Scott S P, Cummings J, Joe J C, Tanaka J C
Department of Microbiology, Thomas Jefferson University, Philadelphia, Pennsylvania 19107, USA.
Biophys J. 2000 May;78(5):2321-33. doi: 10.1016/S0006-3495(00)76778-6.

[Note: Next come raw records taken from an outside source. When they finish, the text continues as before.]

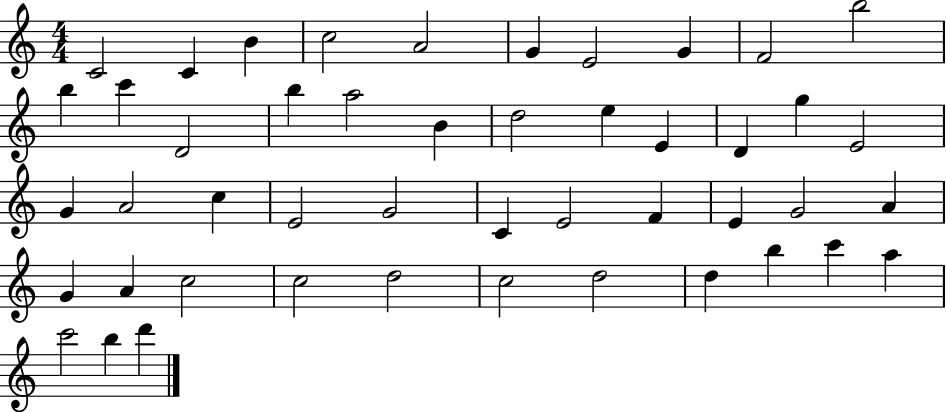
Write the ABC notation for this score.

X:1
T:Untitled
M:4/4
L:1/4
K:C
C2 C B c2 A2 G E2 G F2 b2 b c' D2 b a2 B d2 e E D g E2 G A2 c E2 G2 C E2 F E G2 A G A c2 c2 d2 c2 d2 d b c' a c'2 b d'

Cyclic nucleotide-gated (CNG) channels, which were initially studied in retina and olfactory neurons, are activated by cytoplasmic cGMP or cAMP. Detailed comparisons of nucleotide-activated currents using nucleotide analogs and mutagenesis revealed channel-specific residues in the nucleotide-binding domain that regulate the binding and channel-activation properties. Of particular interest are N(1)-oxide cAMP, which does not activate bovine rod channels, and Rp-cGMPS, which activates bovine rod, but not catfish, olfactory channels. Previously, we showed that four residues coordinate the purine interactions in the binding domain and that three of these residues vary in the alpha subunits of the bovine rod, catfish, and rat olfactory channels. Here we show that both N(1)-oxide cAMP and Rp-cGMPS activate rat olfactory channels. A mutant of the bovine rod alpha subunit, substituted with residues from the rat olfactory channel at the three variable positions, was weakly activated by N(1)-oxide cAMP, and a catfish olfactory-like bovine rod mutant lost activation by Rp-cGMPS. These experiments underscore the functional importance of purine contacts with three residues in the cyclic nucleotide-binding domain. Molecular models of nucleotide analogs in the binding domains, constructed with AMMP, showed differences in the purine contacts among the channels that might account for activation differences.
环核苷酸门控(CNG)通道最初是在视网膜和嗅觉神经元中进行研究的,它由细胞质中的环鸟苷酸(cGMP)或环腺苷酸(cAMP)激活。使用核苷酸类似物和诱变技术对核苷酸激活电流进行的详细比较揭示了核苷酸结合结构域中调节结合和通道激活特性的通道特异性残基。特别值得关注的是N(1)-氧化物cAMP,它不能激活牛视杆细胞通道;以及Rp-cGMPS,它能激活牛视杆细胞通道,但不能激活鲶鱼嗅觉通道。此前,我们发现有四个残基协调结合结构域中的嘌呤相互作用,并且其中三个残基在牛视杆细胞、鲶鱼和大鼠嗅觉通道的α亚基中有所不同。在此我们表明,N(1)-氧化物cAMP和Rp-cGMPS都能激活大鼠嗅觉通道。牛视杆细胞α亚基的一个突变体,在三个可变位置被大鼠嗅觉通道的残基所取代,被N(1)-氧化物cAMP微弱激活,而一个类似鲶鱼嗅觉的牛视杆细胞突变体则失去了被Rp-cGMPS激活的能力。这些实验强调了嘌呤与环核苷酸结合结构域中三个残基接触的功能重要性。用AMMP构建的结合结构域中核苷酸类似物的分子模型显示,不同通道之间嘌呤接触存在差异,这可能解释了激活差异。